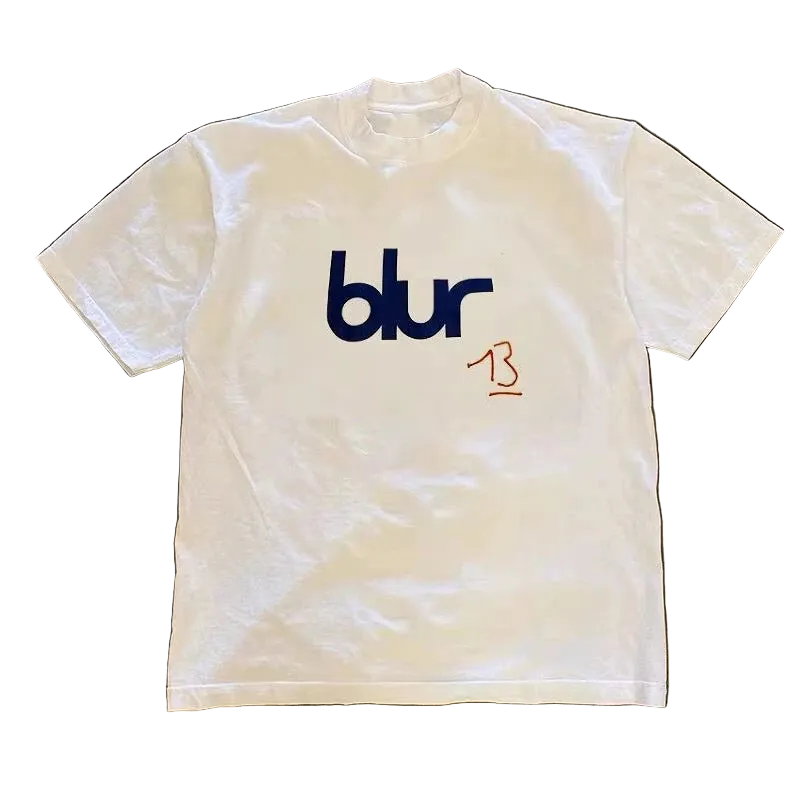Blur Graphic Tee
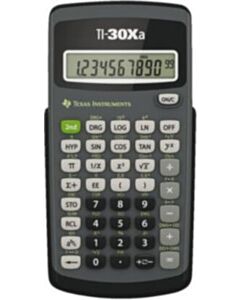 Texas Instruments TI-30Xa rekenmachine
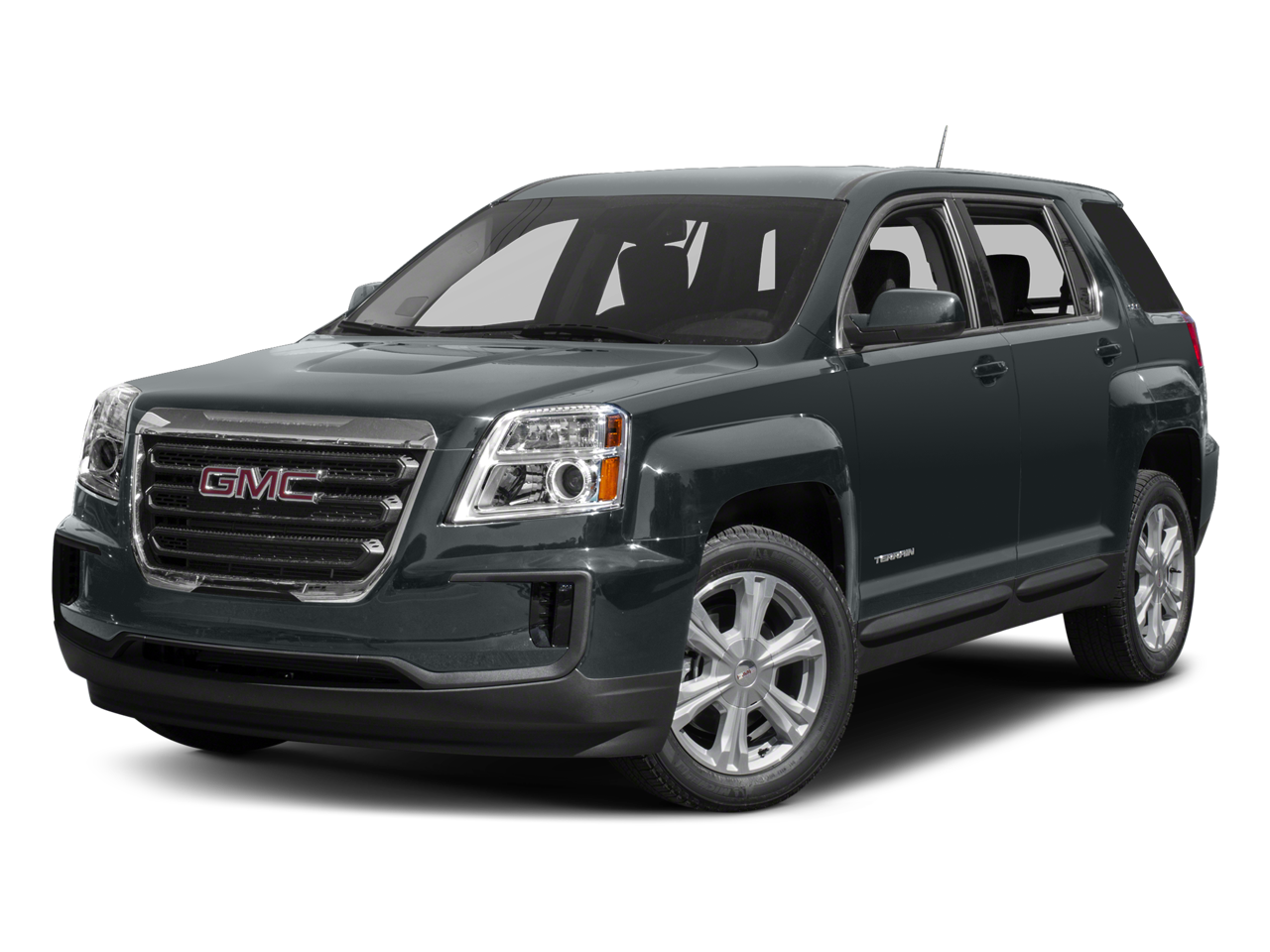 2017 GMC Terrain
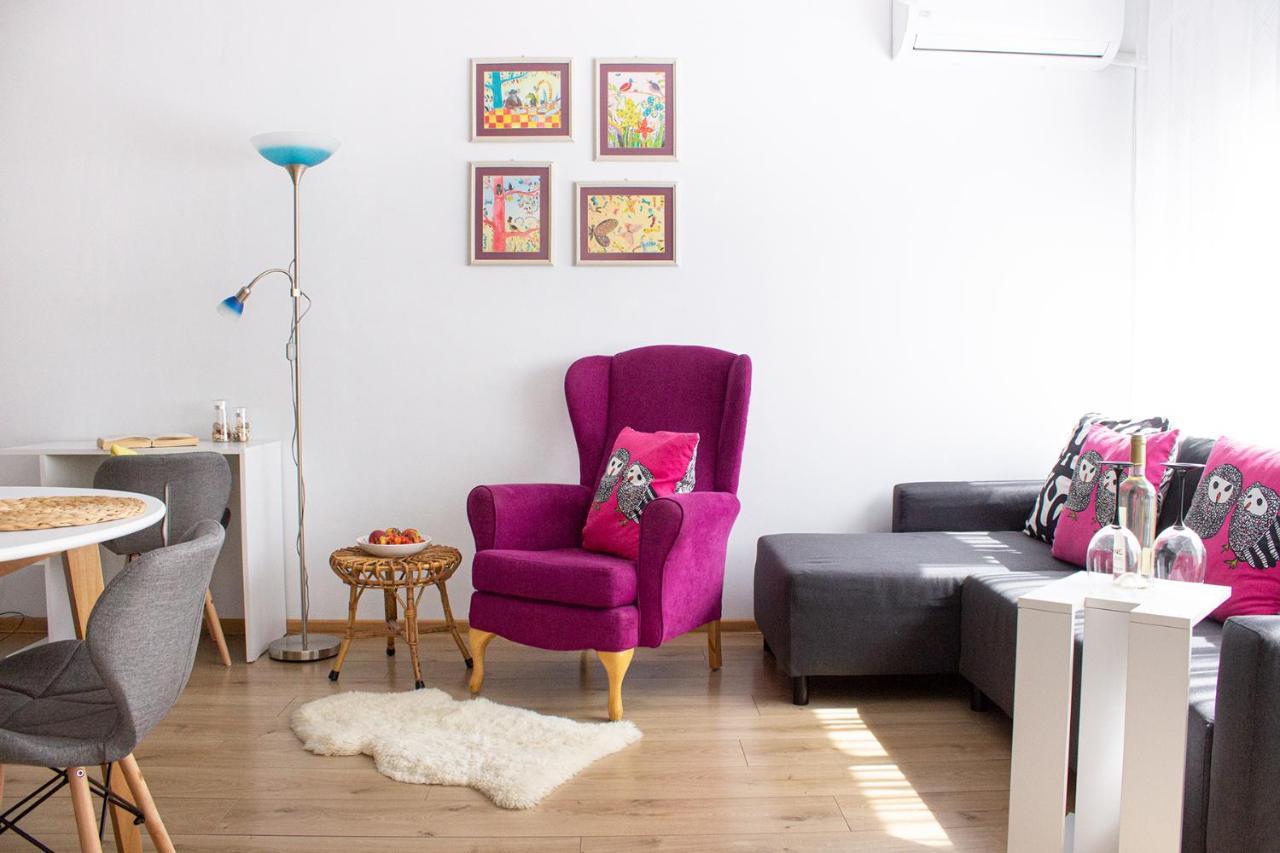 Dreamcatcher'S Home By Rv Apartments Varna Exterior foto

_What needs to be done_: Repeat the material exactly. Skip the images.

_Solution_:
Blur Graphic Tee
 Texas Instruments TI-30Xa rekenmachine
 2017 GMC Terrain
 Dreamcatcher'S Home By Rv Apartments Varna Exterior foto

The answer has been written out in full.